Spectrum Scale/GPFS is deployed by thousands of customers in applications including scientific and engineering high-performance supercomputing (HPC), big-data analytics, health care analytics, bioinformatics, seismic data processing, media streaming, data bases, high-speed data ingesting, interdepartmental and remote file sharing, NAS serving (file, web, email), and business enterprise operations.
GPFS provides a single cluster-wide name space with standard file system POSIX semantics. As a parallel system, data flows concurrently between all nodes and storage devices, with clusters comprising 2 to 10,000+ nodes. GPFS stripes application data across all nodes with no single-server bottleneck and no centralized metadata server, so performance scales nearly linearly with the number of nodes. GPFS implements a distributed token lock manager, distributed metadata logging, and optimized byte range write locking that all-but-eliminates POSIX compliance overhead. The performance of non-write-sharing applications is nearly equivalent to running on a local file system. GPFS allows uninterrupted file system access in the presence of either node failures or disk failures--with either replication or the space-efficient GPFS Native RAID feature.
GPFS features spearheaded at Almaden Research include: the GPFS native RAID (GNR) advanced software-based physical disk controller, local file placement optimization/shared-nothing cluster (FPO/SNC), Swift object interface, Hadoop interface, multi-cluster cross-cluster file system mounts, user quotas, and file access control lists (ACL).
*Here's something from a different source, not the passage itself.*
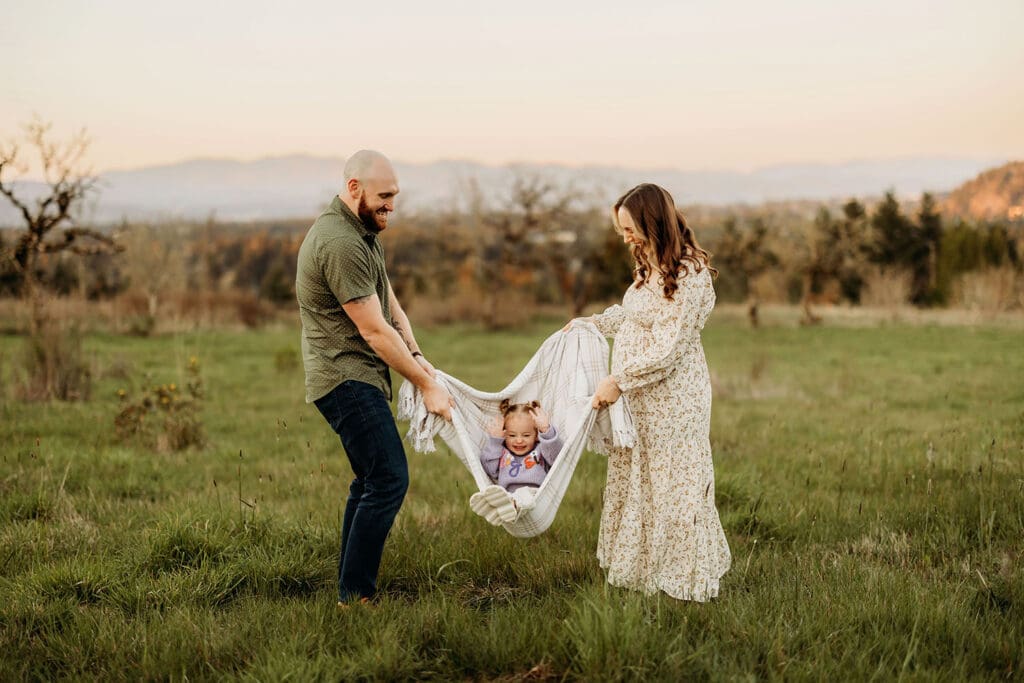 Camas Wa playful maternity session with a toddler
Additional data management features include: file snapshots, wide-area network caching and replication (Active File Management, AFM), policy driven management via storage pools and file sets for performance optimization, remote replication, file lifetime management (Information Life-cycle Management, ILM), and a DMAPI interface for hierarchical storage managers.
Users can deploy GPFS in one of three configurations: cluster nodes with back-end storage controllers (Network Shared Disk, NSD); cluster nodes with local private storage (Shared-Nothing Cluster, SNC); or cluster nodes connected to a shared Storage Area Network (SAN).
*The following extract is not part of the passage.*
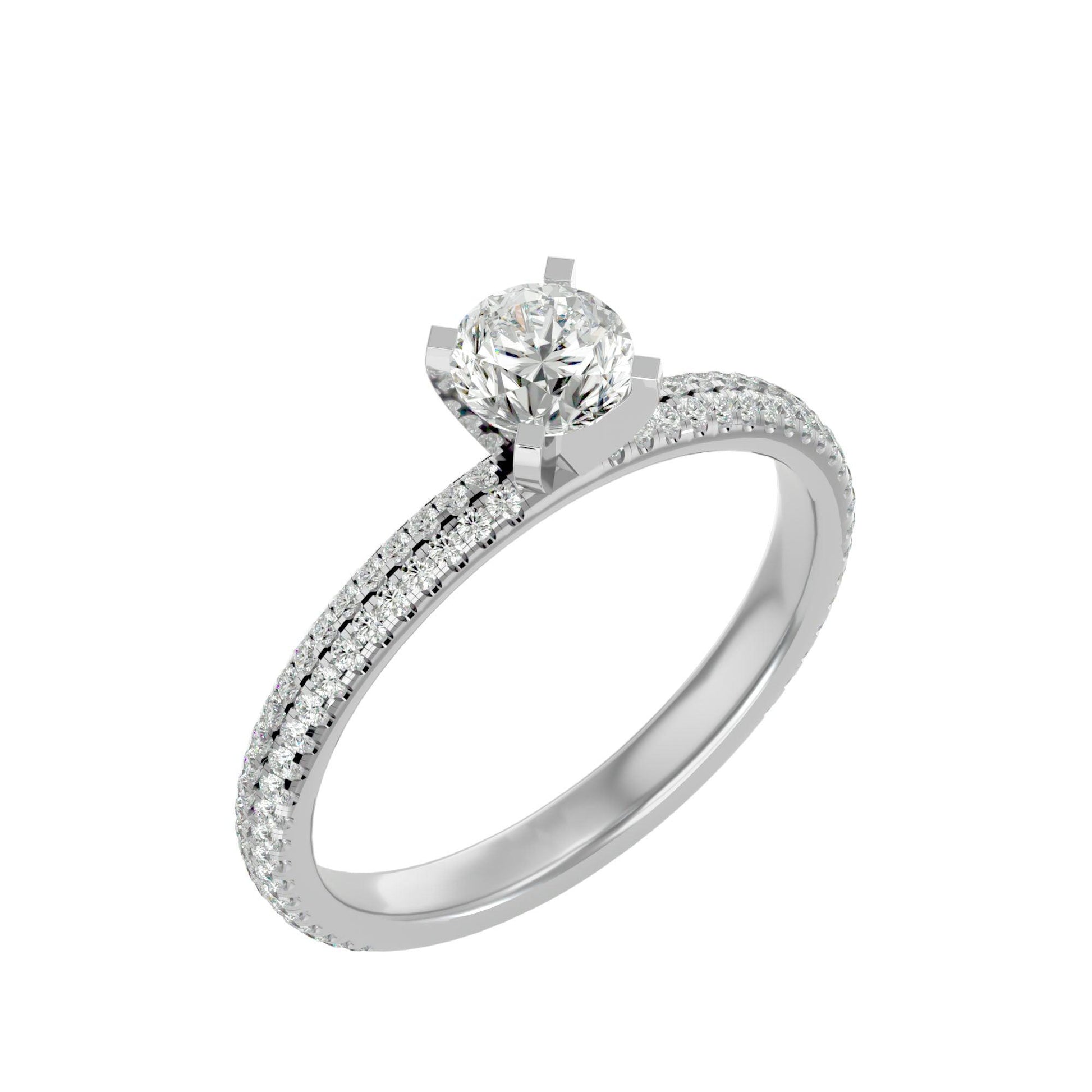 Lab Grown Round Diamond In White Gold Solitaire Ring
With GPFS's NSD configuration, GPFS Native RAID (GNR) can be used to directly manage physical disks, whether HDDs, SSDs, or NVMe. GNR employs a high-performance 'declustered RAID' Reed Solomon erasure code algorithm and data dispersal algorithm, resulting in a significantly reduced load on user applications during disk rebuild operations. GNR can be deployed on hardware using eitther "twin-tailed storage," with hundreds of dual-ported disks in JBOD enclosures attached to dual servers, or on a cluster of "single-tailed storage-rich" servers, with a dozens of single-ported disks in each server. In the later "network RAID" configuration, the application data and erasure code information is randomly and uniformly distributed across all the disks in the cluster.
As an IBM shipping product for 18 years, Spectrum Scale/GPFS continues to adapt to new applications and cluster architectures. Its scale-out and distributed design has allowed for single-name-space POSIX semantics together with a Swift ojbect interface with minimal overhead. The GPFS research vision encourages new research and development advances together with a path into a shipping product, including new data interfaces, self-tuning and self-monitoring, and new functionality and application domain features.